With the purchase of my new Jetta TDI, I received a free 6-month subscription to Sirius satellite radio. At first it was thrilling to discover all of the commercial-free radio stations that would keep me company on my 30-minute commute. Nearly every genre of music, news, and sports has one or more stations for my listening consumption. I can even listen to Francophone Canadian stations and pretend I’m absorbing French. It’s a bountiful buffet of music, pre-niched and pleasing to my many musical moods.
I particularly dote upon the First New Wave station, so-called “Classic Alternative.” There’s nothing cooler than shifting into sixth gear as New Order crescendos all around me and I feel like I’m a veritable car commercial, my adventurous and nonconformist identity validated by the plume of fossil fuels emanating from my 3500-pound vehicle: I love driving! Whoopee!

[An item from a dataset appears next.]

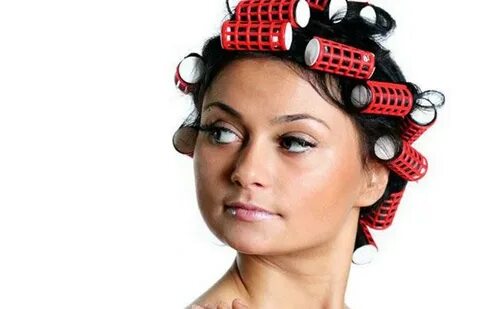 Термобигуди на короткие волосы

But after a month and a half of Sirius radio, I’m beginning to grow accustomed to their programming patterns. The First New Wave station, for instance, can’t let an hour go by without the B-52s. I’ll turn off my car in the evening to the sounds of “Rock Lobster,” and start in the morning to “Love Shack.” Which is great if you love the B-52s, but one of my deep dark secrets is… I really don’t like the B-52s.

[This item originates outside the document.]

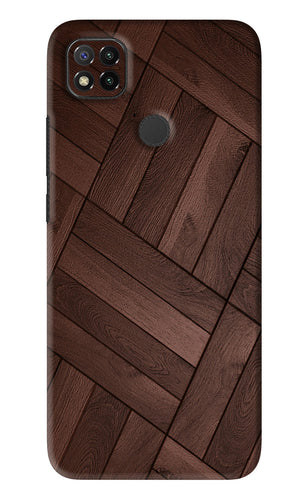 Wooden Texture Design Xiaomi Redmi 9 Back Skin Wrap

Shocking, isn’t it? How can someone not like the B-52s, “the greatest party band of all time?” But their music possesses a happy, dorky, frivolous quality that irks me to my cynical core. The regimented duo-female vocals combined with Fred Schneider’s warbling spoken-singing makes me want to cover my ears and hum Green Day songs.
Fortunately, I can just jab at my touchscreen radio and pick another station. And if I jab at it enough, I’ll eventually find something that’ll get my groove on. Sometimes it’s the all-Elvis station, sometimes it’s Howard Stern, and sometimes its NPR talk, riffing on a social problem.